**PROBLEM**
Leaving out every line before the one with "Bağımlılık nedir ?", write out the rest of the records below exactly.

SOURCE RECORDS Block Start

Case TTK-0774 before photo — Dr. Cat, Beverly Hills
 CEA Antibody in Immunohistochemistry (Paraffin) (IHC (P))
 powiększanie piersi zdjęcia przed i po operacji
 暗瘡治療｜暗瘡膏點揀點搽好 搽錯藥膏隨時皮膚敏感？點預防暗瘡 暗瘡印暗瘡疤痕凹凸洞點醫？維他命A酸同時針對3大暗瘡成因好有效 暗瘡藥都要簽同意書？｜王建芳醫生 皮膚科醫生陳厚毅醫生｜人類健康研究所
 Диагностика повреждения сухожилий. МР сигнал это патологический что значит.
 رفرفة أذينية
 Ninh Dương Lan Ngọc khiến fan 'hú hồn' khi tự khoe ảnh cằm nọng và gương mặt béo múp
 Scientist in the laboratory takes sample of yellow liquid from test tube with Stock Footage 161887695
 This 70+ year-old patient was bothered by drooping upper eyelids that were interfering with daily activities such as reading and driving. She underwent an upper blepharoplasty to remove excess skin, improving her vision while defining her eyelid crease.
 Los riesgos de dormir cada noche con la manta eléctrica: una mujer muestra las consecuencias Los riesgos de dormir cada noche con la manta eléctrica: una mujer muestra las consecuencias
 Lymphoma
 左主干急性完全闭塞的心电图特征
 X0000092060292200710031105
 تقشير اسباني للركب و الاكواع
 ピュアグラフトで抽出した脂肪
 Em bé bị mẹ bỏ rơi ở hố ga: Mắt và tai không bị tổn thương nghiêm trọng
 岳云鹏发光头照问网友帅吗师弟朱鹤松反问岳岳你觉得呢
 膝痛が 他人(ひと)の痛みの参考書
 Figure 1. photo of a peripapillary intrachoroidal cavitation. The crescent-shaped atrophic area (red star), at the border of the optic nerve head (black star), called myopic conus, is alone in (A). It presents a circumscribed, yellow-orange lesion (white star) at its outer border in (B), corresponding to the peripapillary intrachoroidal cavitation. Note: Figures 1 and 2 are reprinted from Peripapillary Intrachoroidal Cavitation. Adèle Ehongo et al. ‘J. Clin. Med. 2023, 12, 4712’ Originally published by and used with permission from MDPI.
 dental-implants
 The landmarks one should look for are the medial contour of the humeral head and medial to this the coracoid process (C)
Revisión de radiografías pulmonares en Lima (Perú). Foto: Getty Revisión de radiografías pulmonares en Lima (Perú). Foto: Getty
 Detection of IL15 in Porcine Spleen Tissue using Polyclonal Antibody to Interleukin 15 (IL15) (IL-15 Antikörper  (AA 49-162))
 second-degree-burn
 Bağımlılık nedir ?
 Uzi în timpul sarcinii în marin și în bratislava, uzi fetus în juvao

SOURCE RECORDS Block End

**RESULT BELOW**
 Bağımlılık nedir ?
 Uzi în timpul sarcinii în marin și în bratislava, uzi fetus în juvao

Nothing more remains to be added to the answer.